[[ Given data, beginning ]]
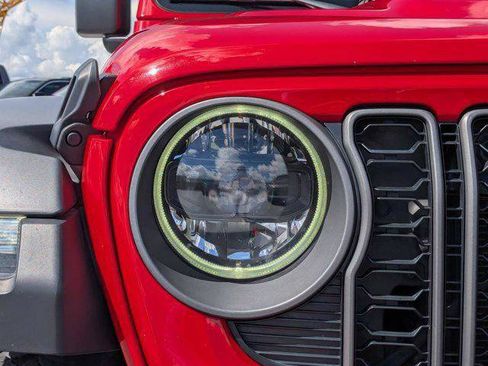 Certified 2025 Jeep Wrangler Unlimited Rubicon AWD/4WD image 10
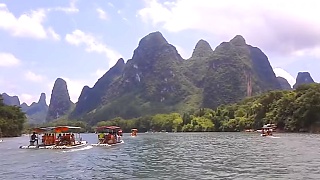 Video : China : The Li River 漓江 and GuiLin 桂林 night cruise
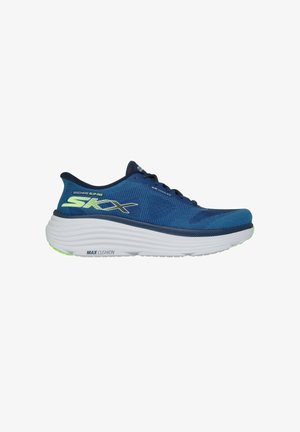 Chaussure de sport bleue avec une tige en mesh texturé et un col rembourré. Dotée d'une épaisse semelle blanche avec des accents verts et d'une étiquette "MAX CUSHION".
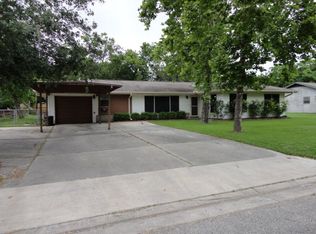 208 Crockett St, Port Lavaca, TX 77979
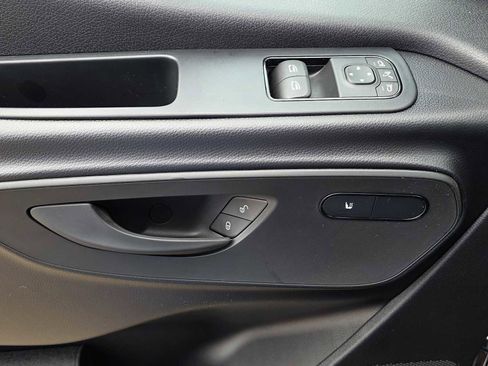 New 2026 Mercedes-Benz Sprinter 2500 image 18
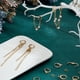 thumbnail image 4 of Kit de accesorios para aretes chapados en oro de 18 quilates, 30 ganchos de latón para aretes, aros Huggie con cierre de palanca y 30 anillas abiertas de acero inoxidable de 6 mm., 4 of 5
[[ Given data, end ]]
[Aim of the exercise]: Each of the entries above must be copied exactly, but the pictures stay out.

[Completed task]:
 Certified 2025 Jeep Wrangler Unlimited Rubicon AWD/4WD image 10
 Video : China : The Li River 漓江 and GuiLin 桂林 night cruise
 Chaussure de sport bleue avec une tige en mesh texturé et un col rembourré. Dotée d'une épaisse semelle blanche avec des accents verts et d'une étiquette "MAX CUSHION".
 208 Crockett St, Port Lavaca, TX 77979
 New 2026 Mercedes-Benz Sprinter 2500 image 18
 thumbnail image 4 of Kit de accesorios para aretes chapados en oro de 18 quilates, 30 ganchos de latón para aretes, aros Huggie con cierre de palanca y 30 anillas abiertas de acero inoxidable de 6 mm., 4 of 5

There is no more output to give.